** EXERCISE DATA follows **

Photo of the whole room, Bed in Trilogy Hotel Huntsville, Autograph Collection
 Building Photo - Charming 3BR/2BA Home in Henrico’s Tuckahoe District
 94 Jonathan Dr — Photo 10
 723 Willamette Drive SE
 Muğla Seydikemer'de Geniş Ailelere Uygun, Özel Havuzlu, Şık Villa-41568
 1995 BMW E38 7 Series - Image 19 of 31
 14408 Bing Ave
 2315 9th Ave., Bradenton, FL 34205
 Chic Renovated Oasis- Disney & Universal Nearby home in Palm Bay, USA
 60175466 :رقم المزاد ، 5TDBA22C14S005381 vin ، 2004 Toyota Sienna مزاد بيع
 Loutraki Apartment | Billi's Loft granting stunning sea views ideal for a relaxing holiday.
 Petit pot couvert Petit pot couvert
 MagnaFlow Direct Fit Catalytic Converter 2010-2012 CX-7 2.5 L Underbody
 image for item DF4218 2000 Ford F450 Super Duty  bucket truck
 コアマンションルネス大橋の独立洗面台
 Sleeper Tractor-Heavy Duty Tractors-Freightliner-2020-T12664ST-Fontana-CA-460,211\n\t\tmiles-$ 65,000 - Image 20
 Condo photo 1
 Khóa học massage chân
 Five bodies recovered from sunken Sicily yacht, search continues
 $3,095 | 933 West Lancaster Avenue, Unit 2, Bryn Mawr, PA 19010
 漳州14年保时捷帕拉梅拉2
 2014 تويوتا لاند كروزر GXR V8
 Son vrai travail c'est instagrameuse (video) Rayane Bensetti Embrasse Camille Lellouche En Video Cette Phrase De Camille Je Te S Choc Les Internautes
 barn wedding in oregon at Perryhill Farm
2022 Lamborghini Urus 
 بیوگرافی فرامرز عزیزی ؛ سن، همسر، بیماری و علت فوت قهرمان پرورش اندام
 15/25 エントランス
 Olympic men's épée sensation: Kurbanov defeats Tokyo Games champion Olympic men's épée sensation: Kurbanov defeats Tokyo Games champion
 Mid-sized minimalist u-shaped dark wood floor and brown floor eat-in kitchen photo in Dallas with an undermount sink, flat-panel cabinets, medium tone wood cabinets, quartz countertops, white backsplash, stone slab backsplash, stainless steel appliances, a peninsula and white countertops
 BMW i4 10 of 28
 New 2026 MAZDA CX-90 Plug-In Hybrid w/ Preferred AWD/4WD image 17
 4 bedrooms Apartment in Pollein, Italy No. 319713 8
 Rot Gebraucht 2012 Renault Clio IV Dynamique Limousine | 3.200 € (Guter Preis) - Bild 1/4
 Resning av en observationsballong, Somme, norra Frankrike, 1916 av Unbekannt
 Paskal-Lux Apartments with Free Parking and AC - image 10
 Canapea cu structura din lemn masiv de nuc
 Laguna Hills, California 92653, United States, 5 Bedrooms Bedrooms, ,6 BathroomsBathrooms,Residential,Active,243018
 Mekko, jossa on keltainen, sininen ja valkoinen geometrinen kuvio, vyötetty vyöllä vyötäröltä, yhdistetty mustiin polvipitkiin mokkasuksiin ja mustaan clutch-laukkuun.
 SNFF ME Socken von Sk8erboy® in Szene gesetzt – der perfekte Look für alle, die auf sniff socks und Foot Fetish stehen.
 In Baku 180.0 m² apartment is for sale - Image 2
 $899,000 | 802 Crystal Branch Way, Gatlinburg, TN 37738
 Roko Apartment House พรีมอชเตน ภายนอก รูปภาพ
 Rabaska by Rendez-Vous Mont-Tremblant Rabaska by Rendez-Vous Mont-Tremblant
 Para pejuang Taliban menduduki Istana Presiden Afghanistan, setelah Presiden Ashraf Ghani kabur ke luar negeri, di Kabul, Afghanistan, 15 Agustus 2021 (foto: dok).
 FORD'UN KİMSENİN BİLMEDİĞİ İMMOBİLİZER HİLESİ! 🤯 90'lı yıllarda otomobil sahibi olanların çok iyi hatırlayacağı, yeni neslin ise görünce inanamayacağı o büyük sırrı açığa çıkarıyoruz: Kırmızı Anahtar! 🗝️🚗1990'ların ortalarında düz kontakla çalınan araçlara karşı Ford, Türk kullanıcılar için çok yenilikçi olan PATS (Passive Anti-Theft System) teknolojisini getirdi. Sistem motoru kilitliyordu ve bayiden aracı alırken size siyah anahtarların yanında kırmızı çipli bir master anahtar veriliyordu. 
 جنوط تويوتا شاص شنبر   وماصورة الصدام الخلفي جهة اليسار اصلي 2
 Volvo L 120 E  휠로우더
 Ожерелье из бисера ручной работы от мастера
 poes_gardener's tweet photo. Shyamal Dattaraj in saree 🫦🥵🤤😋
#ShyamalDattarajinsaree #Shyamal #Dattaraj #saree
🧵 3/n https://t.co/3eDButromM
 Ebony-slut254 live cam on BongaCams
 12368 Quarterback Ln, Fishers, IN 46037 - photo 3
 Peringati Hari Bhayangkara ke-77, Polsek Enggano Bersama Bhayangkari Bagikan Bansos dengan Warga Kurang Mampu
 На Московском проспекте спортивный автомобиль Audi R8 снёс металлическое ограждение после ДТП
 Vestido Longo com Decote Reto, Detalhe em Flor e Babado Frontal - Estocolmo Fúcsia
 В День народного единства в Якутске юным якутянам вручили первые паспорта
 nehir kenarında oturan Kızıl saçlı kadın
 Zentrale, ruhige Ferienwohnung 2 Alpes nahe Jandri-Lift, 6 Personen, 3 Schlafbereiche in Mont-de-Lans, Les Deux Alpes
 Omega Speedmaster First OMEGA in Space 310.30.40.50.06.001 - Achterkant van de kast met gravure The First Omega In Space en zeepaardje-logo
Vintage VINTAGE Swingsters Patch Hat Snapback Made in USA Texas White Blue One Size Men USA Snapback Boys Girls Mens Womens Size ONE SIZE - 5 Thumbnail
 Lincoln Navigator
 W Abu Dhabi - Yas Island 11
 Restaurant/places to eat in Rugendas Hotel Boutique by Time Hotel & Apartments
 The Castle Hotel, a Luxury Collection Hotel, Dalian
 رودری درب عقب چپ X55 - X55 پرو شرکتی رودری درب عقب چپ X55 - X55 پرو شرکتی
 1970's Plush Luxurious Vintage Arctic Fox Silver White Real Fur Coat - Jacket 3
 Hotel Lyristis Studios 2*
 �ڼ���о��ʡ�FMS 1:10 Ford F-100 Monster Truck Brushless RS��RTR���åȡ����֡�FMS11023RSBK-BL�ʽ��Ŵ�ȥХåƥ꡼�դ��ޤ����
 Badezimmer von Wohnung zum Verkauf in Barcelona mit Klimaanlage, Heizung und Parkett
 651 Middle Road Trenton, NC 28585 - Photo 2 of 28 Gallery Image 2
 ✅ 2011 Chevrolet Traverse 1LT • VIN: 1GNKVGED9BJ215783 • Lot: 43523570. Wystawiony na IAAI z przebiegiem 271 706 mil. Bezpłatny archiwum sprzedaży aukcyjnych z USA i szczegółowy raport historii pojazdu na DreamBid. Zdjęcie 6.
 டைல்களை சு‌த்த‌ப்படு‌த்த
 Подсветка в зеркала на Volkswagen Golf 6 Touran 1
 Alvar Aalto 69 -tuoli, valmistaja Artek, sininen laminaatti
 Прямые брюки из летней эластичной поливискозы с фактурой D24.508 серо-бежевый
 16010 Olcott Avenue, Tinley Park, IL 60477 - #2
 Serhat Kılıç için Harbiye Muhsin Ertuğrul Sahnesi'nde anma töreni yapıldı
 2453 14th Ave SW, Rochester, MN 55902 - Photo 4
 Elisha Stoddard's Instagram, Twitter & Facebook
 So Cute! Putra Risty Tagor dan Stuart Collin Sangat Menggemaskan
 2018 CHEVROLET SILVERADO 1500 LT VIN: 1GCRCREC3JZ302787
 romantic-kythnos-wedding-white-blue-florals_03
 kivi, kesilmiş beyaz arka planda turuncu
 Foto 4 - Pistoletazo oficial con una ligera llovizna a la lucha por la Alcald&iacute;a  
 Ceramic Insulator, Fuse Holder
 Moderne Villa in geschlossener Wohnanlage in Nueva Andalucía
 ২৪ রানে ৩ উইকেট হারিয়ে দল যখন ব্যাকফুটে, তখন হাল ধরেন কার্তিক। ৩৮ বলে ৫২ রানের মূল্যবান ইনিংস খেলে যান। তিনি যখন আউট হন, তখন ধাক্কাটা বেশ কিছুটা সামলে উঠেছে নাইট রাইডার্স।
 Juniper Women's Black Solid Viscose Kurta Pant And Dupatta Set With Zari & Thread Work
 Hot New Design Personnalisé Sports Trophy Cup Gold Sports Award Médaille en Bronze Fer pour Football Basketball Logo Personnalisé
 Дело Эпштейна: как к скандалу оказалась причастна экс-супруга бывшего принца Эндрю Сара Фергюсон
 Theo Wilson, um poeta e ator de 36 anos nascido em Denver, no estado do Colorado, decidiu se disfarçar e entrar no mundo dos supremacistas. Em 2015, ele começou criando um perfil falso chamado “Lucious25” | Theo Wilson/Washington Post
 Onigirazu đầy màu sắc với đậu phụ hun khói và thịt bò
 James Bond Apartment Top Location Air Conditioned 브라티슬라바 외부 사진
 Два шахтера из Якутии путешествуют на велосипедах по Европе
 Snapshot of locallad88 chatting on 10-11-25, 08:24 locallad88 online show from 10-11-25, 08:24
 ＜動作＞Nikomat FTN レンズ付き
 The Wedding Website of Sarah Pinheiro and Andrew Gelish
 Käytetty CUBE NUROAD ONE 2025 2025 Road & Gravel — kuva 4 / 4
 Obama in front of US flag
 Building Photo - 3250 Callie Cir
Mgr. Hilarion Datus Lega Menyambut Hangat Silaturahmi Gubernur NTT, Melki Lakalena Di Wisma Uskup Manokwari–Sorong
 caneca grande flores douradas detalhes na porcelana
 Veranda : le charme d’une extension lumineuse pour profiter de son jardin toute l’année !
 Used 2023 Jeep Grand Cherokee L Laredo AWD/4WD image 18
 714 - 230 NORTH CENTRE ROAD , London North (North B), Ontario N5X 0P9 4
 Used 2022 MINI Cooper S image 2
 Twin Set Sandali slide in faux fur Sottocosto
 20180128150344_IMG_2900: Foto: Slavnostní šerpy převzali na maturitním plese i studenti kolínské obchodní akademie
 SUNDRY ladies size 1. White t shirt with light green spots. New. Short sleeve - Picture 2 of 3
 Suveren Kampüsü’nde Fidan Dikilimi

** End of EXERCISE DATA **

▶ WORK TASK
Nothing should appear in the answer except the lines from the one with "714 - 230 NORTH" through the final line of the records, written exactly.

▶ ANSWER BOX
 714 - 230 NORTH CENTRE ROAD , London North (North B), Ontario N5X 0P9 4
 Used 2022 MINI Cooper S image 2
 Twin Set Sandali slide in faux fur Sottocosto
 20180128150344_IMG_2900: Foto: Slavnostní šerpy převzali na maturitním plese i studenti kolínské obchodní akademie
 SUNDRY ladies size 1. White t shirt with light green spots. New. Short sleeve - Picture 2 of 3
 Suveren Kampüsü’nde Fidan Dikilimi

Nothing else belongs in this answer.